Over the months that followed, I kept hearing whispers of lingering frustration. Are they still intent on getting pigs? Nobody talked to me directly. If they had I would have explained how our approach to livestock and land management was different. We would not be creating a muddy cesspool of pig feces and slop that would stink up the entire neighborhood. We would be raising our porcine friends on pasture in a small-scale rotational system that would keep them moving to fresh vegetation throughout their lives. There would be almost no smell, and over the next few years it would actually work to regenerate the soil and the diversity of the pasture grasses through the natural rooting, grazing (yes, pigs will graze) and pooping of these wonderful creatures.
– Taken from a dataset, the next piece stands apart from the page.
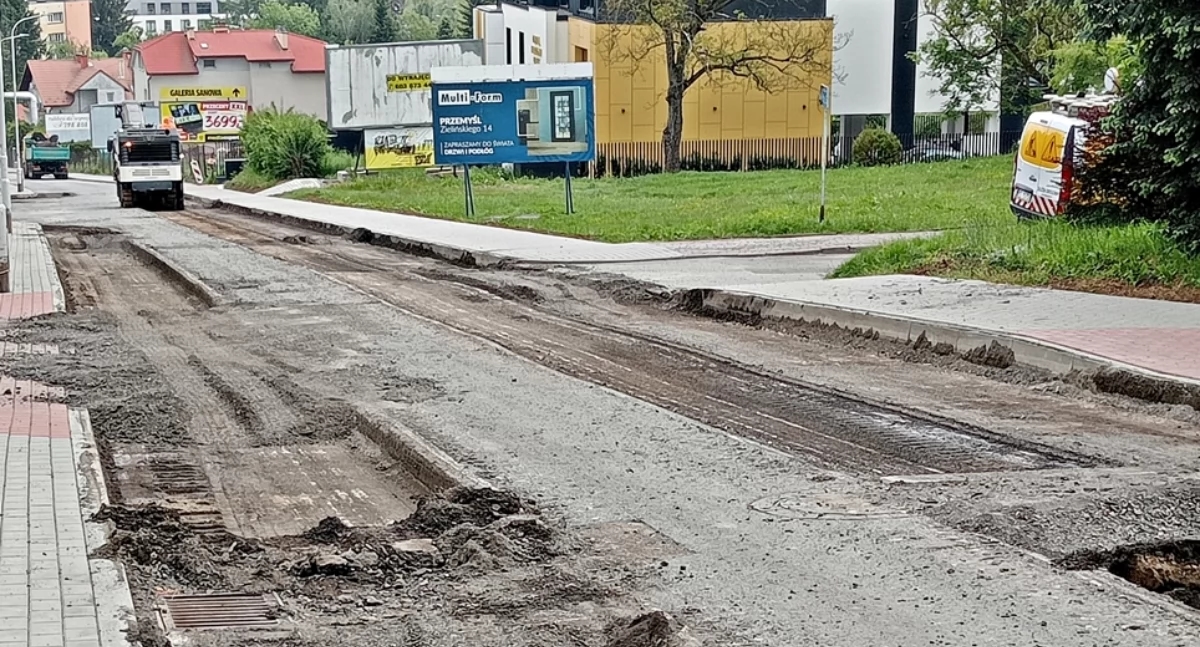Ha comenzado la renovación (adecuada) de la calle Glazera en Przemyśl [FOTOS]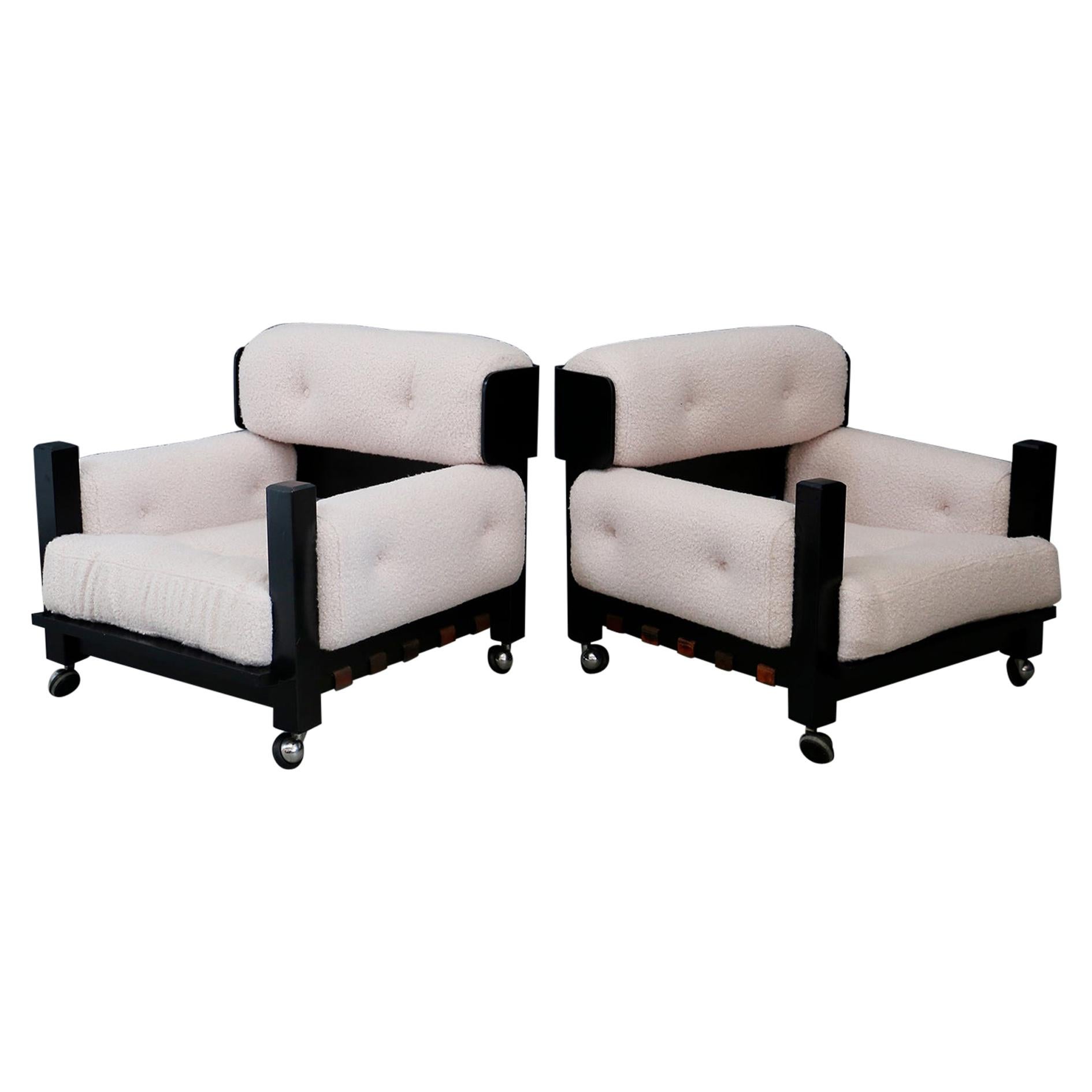 Pair of Italian Armchairs in Bouclé Fabric White and Black Wood, 1960s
Once we got our pigs, I made a point of inviting all our neighbors over to meet them, especially the neighbors that were a bit more leery. The one that had been most concerned later told me that she just didn’t know it was even possible to raise pigs the way we were raising them. Her only exposure to pigs came through a childhood visit to a pig farm, where they’d kept the animals in confinement, in a sort of hellish underworld of creaturely misery.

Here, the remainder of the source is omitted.